La reconnaissance des CRS en question
Point clé de la colère des agents : le manque de reconnaissance. Et le calendrier gouvernemental pour s’attaquer à l’Ijat n’a pas été choisi avec tact. «Même si l'Etat veut compenser la CSG de l’Ijat, prendre la mesure pendant l’été, ce n'est pas correct», estime Johann Cavalero. Sur des questions de date, les CRS ont donc choisi de frapper fort le 12 septembre, un jour de grogne sociale. «Les collègues sont sensibles aux réformes qui affectent les fonctionnaires», poursuit le syndicaliste qui ajoute : «Le choix de la date n’est pas anodin, ils ont voulu faire entendre leur grogne le jour d’une action sociale. Ils expriment une usure, un mécontentement.»
Pour Gregory Joron, qui reconnaît ne pas avoir été à l'initiative du mouvement du 12 septembre : «Certaines unités sont au bord de la fracture.
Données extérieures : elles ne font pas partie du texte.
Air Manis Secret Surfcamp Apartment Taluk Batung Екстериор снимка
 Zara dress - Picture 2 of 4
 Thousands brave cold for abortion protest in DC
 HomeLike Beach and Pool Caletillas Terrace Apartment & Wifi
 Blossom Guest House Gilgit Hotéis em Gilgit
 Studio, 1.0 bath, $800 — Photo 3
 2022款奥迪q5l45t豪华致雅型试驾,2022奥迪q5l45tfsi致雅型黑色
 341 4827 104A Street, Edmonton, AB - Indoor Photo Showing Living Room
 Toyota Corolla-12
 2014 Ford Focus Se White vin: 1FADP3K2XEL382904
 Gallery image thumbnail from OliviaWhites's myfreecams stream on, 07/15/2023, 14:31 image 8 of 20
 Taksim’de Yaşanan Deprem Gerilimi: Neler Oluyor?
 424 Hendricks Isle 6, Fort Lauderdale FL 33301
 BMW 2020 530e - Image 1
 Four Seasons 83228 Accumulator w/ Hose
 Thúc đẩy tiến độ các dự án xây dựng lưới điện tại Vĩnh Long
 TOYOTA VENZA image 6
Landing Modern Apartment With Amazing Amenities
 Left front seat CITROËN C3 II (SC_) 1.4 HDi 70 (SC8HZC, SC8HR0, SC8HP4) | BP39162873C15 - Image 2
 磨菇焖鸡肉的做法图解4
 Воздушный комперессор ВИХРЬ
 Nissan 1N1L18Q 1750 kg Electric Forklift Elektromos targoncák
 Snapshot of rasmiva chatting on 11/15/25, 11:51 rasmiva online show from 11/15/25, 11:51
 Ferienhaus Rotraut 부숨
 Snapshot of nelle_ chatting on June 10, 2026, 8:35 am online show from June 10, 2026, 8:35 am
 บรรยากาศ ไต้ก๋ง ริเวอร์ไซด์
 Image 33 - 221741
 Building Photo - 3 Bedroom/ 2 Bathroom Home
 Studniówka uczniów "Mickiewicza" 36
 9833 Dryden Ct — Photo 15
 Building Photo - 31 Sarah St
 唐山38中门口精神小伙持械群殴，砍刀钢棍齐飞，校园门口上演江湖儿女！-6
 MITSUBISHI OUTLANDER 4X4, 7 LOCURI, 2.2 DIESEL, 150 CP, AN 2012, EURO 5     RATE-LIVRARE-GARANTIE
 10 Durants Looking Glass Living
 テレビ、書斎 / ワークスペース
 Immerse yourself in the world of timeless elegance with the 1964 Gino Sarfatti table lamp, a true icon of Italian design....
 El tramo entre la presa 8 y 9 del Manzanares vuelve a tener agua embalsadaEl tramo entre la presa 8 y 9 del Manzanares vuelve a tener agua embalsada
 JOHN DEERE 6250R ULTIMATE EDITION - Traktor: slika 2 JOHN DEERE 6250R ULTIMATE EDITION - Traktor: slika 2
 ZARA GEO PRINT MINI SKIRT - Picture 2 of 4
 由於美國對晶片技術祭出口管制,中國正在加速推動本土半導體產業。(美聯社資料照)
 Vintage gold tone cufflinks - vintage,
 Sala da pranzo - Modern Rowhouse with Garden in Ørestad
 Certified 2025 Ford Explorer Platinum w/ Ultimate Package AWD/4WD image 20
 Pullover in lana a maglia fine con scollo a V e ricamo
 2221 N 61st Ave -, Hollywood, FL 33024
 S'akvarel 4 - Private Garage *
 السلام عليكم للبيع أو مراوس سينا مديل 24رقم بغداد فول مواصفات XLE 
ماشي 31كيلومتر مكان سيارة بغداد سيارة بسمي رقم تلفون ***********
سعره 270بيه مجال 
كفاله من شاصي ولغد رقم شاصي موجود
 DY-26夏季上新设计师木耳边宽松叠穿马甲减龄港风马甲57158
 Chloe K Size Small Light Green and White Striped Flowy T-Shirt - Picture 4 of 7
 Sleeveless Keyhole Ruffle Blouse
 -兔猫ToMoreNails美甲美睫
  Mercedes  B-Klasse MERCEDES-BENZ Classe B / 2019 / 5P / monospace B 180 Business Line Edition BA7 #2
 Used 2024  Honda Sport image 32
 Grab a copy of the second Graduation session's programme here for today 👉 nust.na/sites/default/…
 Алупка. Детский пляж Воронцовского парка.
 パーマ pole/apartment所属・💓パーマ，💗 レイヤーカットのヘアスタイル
Alors qu’on leur demande d’être de plus en plus exposés, tout cela fait un cocktail explosif.» Les deux syndicalistes ont rencontré le 8 septembre le directeur général de la police entré en exercice le 28 août, Eric Morvan, pour lui faire part notamment des revendication des CRS. L'ancien préfet s'est-il montré réceptif ? «Oui, comme souvent dans de pareils cas [...] on verra la suite ce que cela donne», confie Johann Cavallero. Les CRS n'en sont qu'au début de la grogne, si l'on n'accède pas à leurs demandes. «Mes collègues peuvent être difficiles à canaliser lorsqu'un mouvement est lancé, ils le poursuivent [...] avec les réseaux sociaux, une unité du nord sait tout de suite si une unité du sud prend une décision. Si rien ne change, la fois prochaine ils seront peut-être 2 000 à se mettre en arrêt» conclut-il.